If you need a loan but don't have a house, you may look at your mutual funds as collateral. The type of mutual fund account you own and the tax structure it holds will determine whether you can actually borrow against it. Understanding mutual fund loan regulations helps prevent accidental tax or fee liabilities.
Brokerage firms allow investors to use the value of their accounts as collateral for margin transactions. Margin transactions are brokerage transactions where you purchase securities with money you borrow directly from the brokerage firm. Once you qualify for a margin account, you can assess the loan at any time without additional paperwork. Margin accounts are granted based on credit history but can be revoked based on poor repayment history. When you borrow from your broker, you are allowed to borrow a maximum of 50 percent of your existing account value. This includes mutual fund values. If the value drops, you receive a margin call and must repay the difference. If you don't, the existing securities are liquidated to cover the margin costs.
Employer Retirement Plans
Employer-sponsored retirement savings plans like 401k and 403b plans allow investors to purchase mutual funds. The IRS allows employees participating in the retirement savings plan to borrow up 50 percent up to $50,000 of their account value. There is no credit check and loan interest is paid back to yourself with principal payments through salary reductions. You can take several small loans or one large loan, and there is no accelerated repayment demands if the value of the mutual funds drop in your retirement account.
Individual Retirement Account
An Individual Retirement Account is similar to a 401k or 403b provided to employees but is established independently by investors. Unlike a 401k or 403b plan, the IRS does not allow IRA owners to use the IRA for loan purposes in any fashion. This means you can't use the IRA funds for a margin account, for collateral or to take a direct loan. If you or your spouse pledge the IRA as collateral, the IRS penalizes you. The penalty is complete distribution of the IRA with taxes and penalties.

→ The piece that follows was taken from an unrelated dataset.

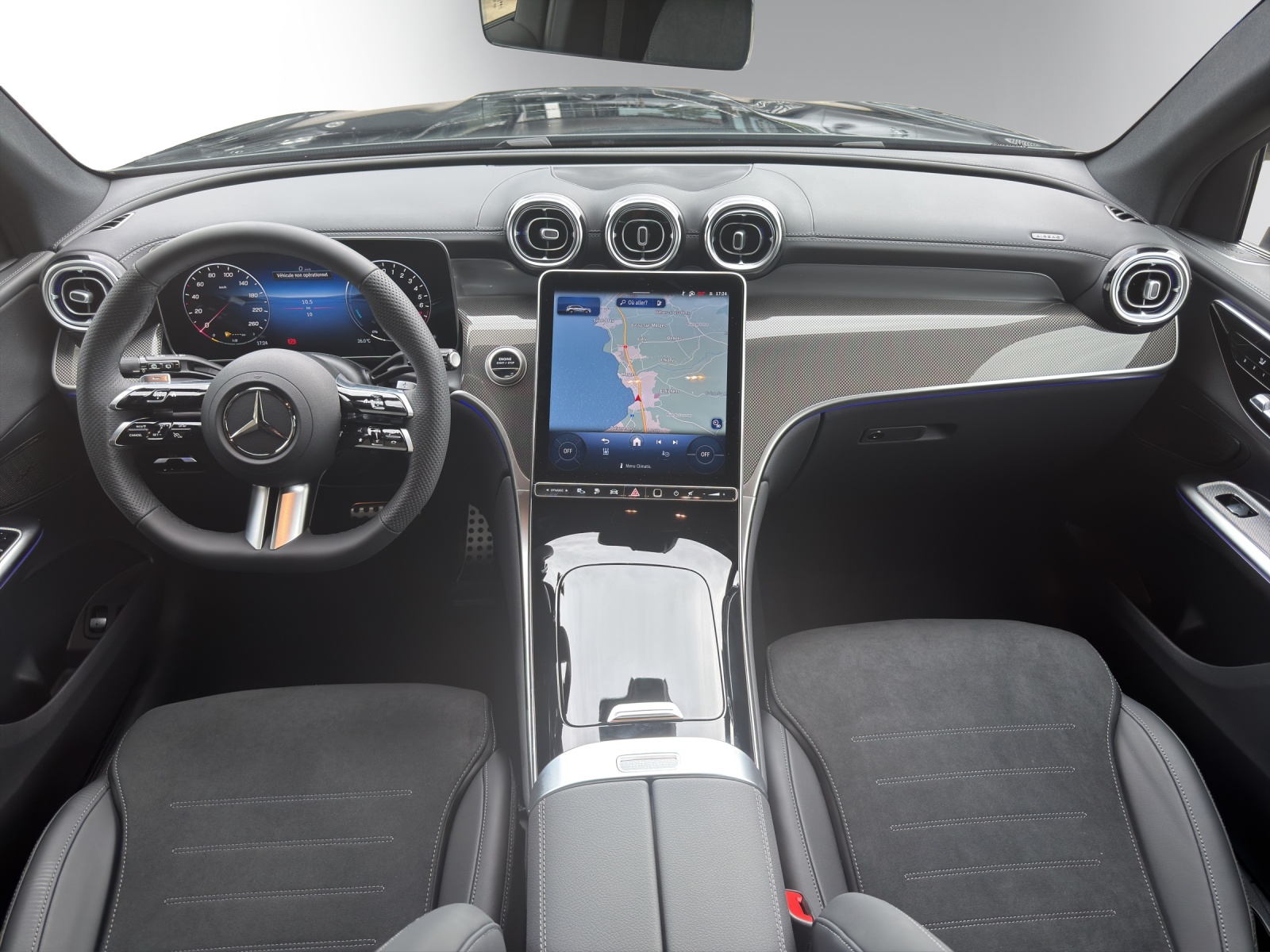 Image MERCEDES-BENZ GLC-400 GLC 400 e 4Matic EQ Star 9G-Tronic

For mutual funds that are not used as margins or retirement savings, you may be able to use them as collateral for other loans you need. While you can not directly borrow from the mutual fund, you may be able to pledge a percentage of the mutual fund account for personal loans. This is dependent on the lender. Not every lender wants to assume the risk of collateral that is fluctuating regularly. You may be required to move the mutual funds assets into a money market or other fixed income asset while the money is pledged for a loan.